A faithful copy of all the entries is required, with no pictures in it.
___ EXERCISE DATA ___
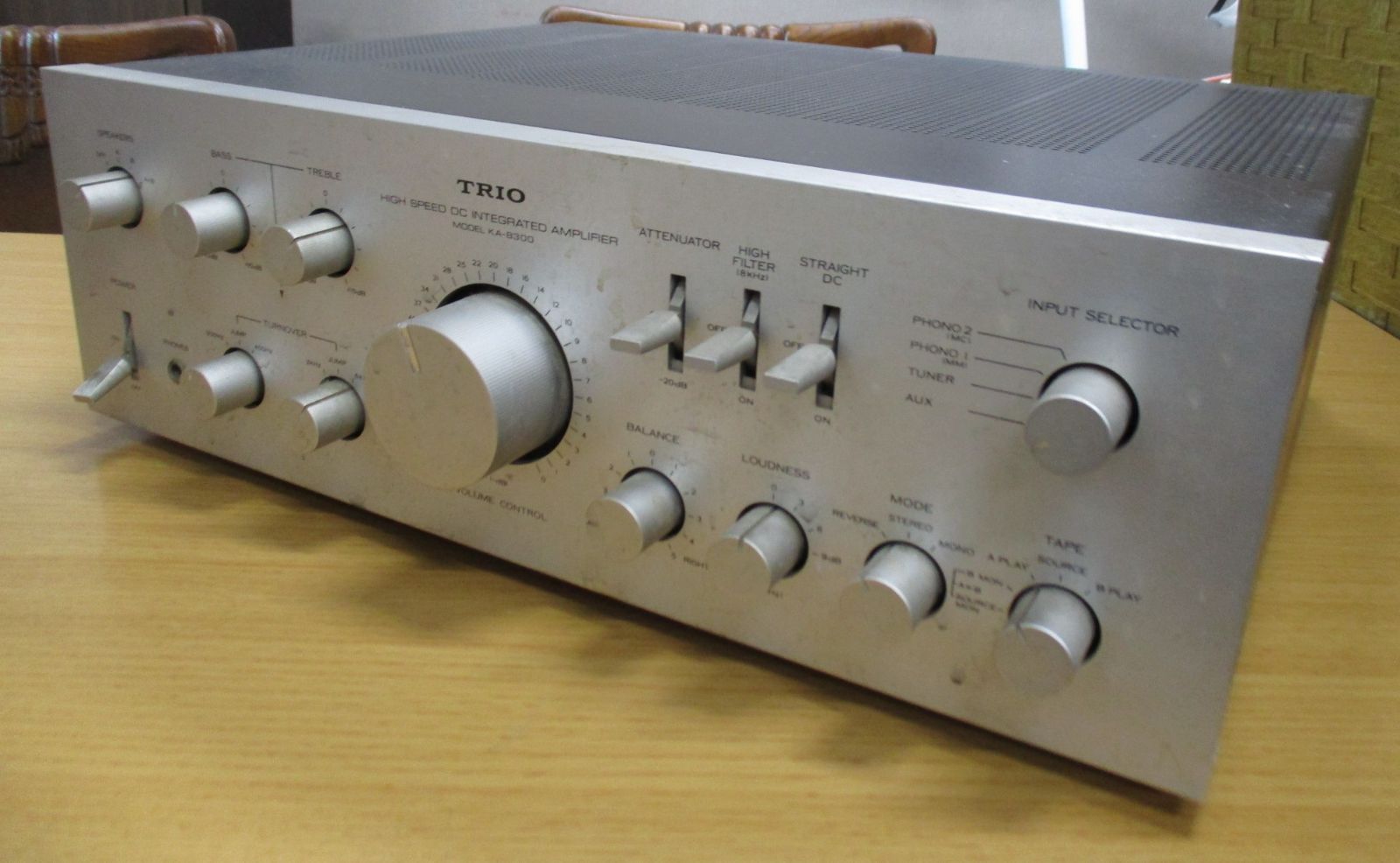 D134 TRIO トリオ／KA-8300 プリメインアンプ HIGH SPEED DC KENWOOD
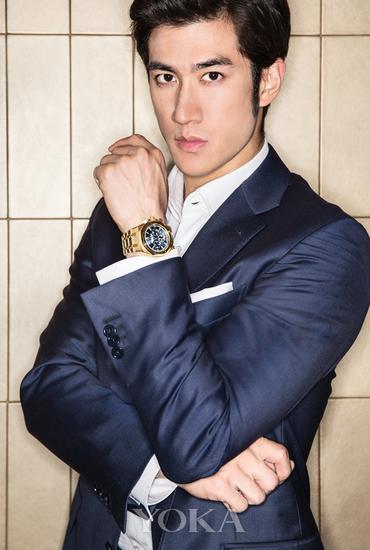 李治廷佩戴爱彼全新皇家橡树系列计时码表黄金款，完全没有暴发户的气质吧？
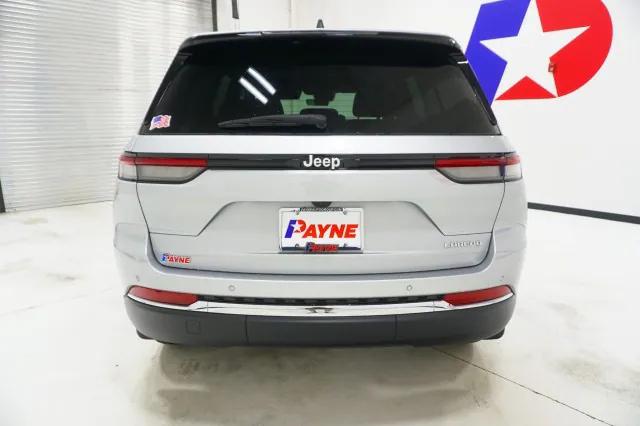 2025 Jeep Grand Cherokee Laredo X 4x2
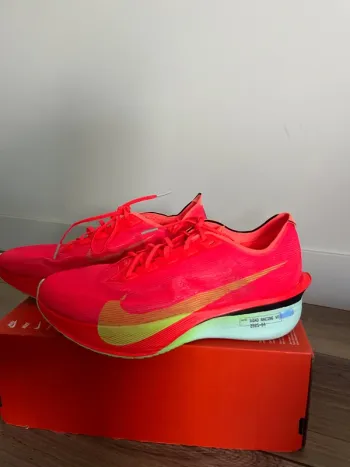Použité Orange ZoomX Vaporfly Next%4 bike — obrázek 2 z 9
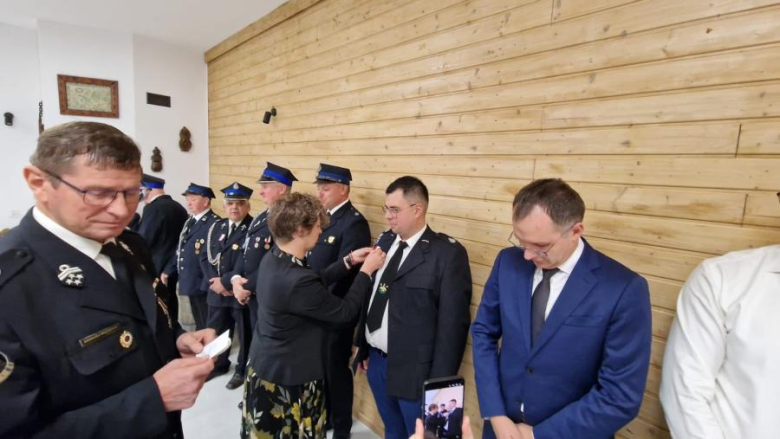 Uroczyste otwarcie odnowionej remizy i świetlicy w Lutomierzu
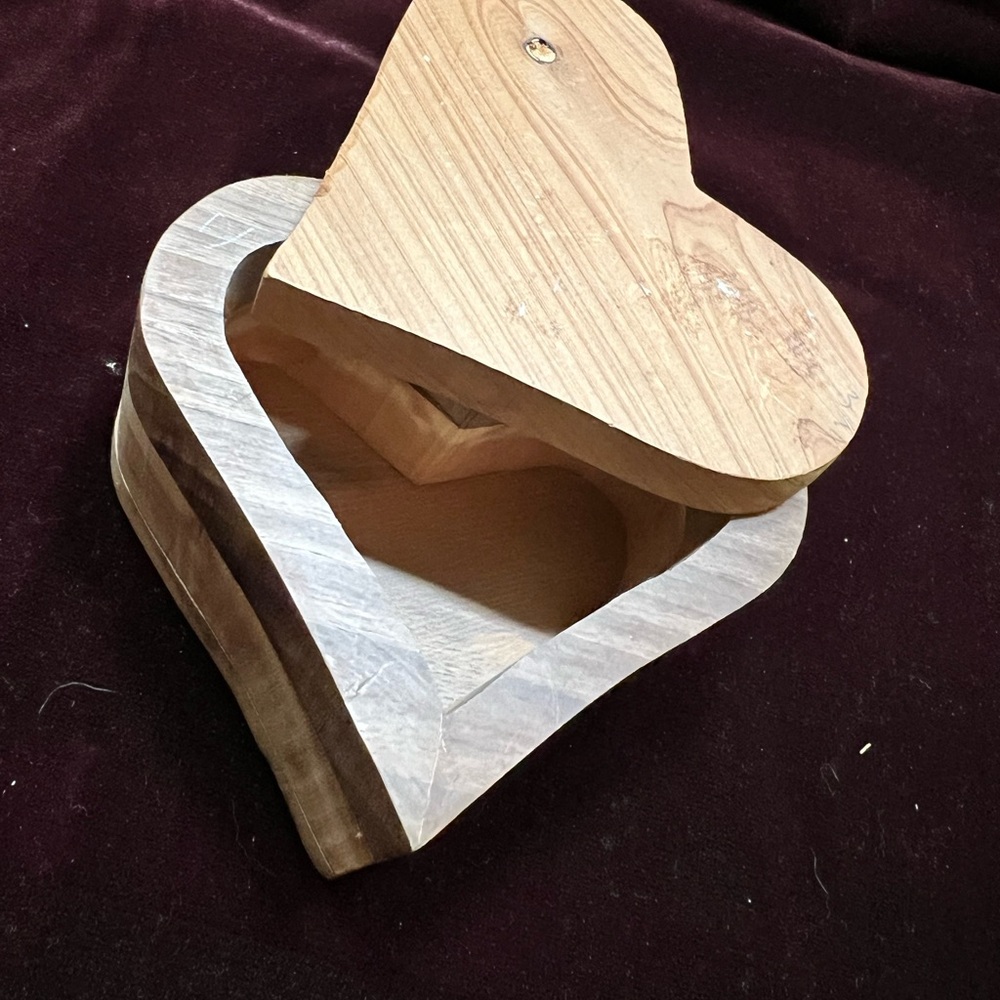 Handmade Wooden Heart Keepsake Box –‎ Natural Carved Wood Trinket Holder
___
**RESPONSE TO THIS TASK**
 D134 TRIO トリオ／KA-8300 プリメインアンプ HIGH SPEED DC KENWOOD
 李治廷佩戴爱彼全新皇家橡树系列计时码表黄金款，完全没有暴发户的气质吧？
 2025 Jeep Grand Cherokee Laredo X 4x2
Použité Orange ZoomX Vaporfly Next%4 bike — obrázek 2 z 9
 Uroczyste otwarcie odnowionej remizy i świetlicy w Lutomierzu
 Handmade Wooden Heart Keepsake Box –‎ Natural Carved Wood Trinket Holder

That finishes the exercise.